CIS 97YT Index > How XSLT Works

Beginning XSLT

Read pages 194 through 207 of Chapter 6 in Learning XML.

Corrections

On page 202, do not include the processing instruction in any of the work you'll be doing for this class; we'll be using the Xalan XSLT processor as an independent application. In any case, there's a misprint; the processing instruction should read:

<?xml-stylesheet type="text/xsl" href="mytrans.xsl"?>

On page 204, replace this:

<comment>
  Find out which episode
</comment>

with the following (which makes part of Table 6-3 correct):

<!-- Find out which episode -->

Document Madness

When you learned about DTDs, you had an XML file and a DTD file that described how to validate it.
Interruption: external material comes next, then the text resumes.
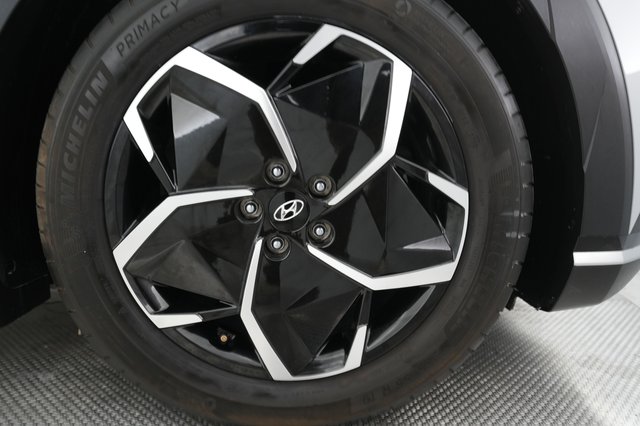 2023 Hyundai IONIQ 5 — photo 15 of 25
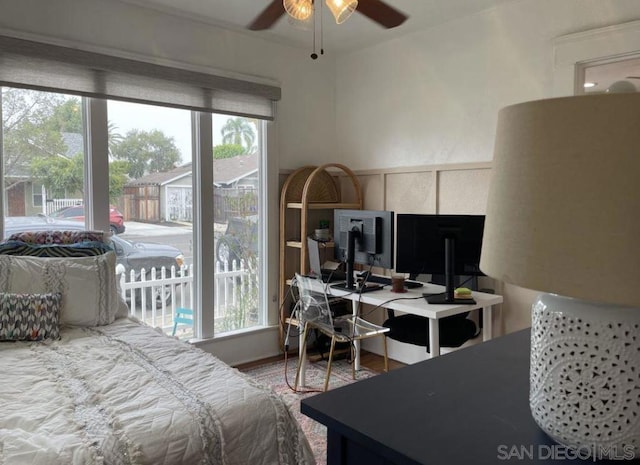 bedroom with ceiling fan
Since the DTD didn't look very much like XML, it was easy to tell them apart.

When you used Relax NG, you had two XML-format files. One of them, which we referred to as the “target file,” was the file to be validated. It had tags that described a catalog or a movie list or some such. The second file was a list of instructions that told the validator what to expect when it parsed the first file. Since they both looked like XML, this caused some confusion. (For example, where did <empty/> really belong, and what did it really mean?)

When you learned about Cascading Style Sheets, the confusion went away. A CSS stylesheet doesn't look anything like XML; it's just a list of specifications of how to visually present the elements in the XML file.

Now that you're learning about XSLT, you have three documents to deal with, and at least two of them are in XML format.

  1. A source document; the document that you want to transform. It could be a catalog, a movie list, or an XHTML document.

  2. A transformation document that specifies which portions of the source document you wish to extract and manipulate. The transformation document also tells what output to produce for each chosen portion of the source document. This document is also called the XSLT stylesheet.

  3. An output document that is the result of passing the source document through the transformation document.

Because the XSLT stlyesheet contains two different markups (the transformation commands and the output elements), it must use namespaces to differentiate them. By convention, the xsl: prefix is used for any of the XSL elements. The XSLT stylesheet also refers to the input document in order to tell which items to extract and process, but those are always inside attributes, so we don't need another namespace to differentiate items from the input document.

Here's the sample stylesheet on pages 203 and 204. Elements that are in the XSLT namespace are shown in dark red; selections from the input document are shown in dark turquoise and italic; and output is shown in bold black.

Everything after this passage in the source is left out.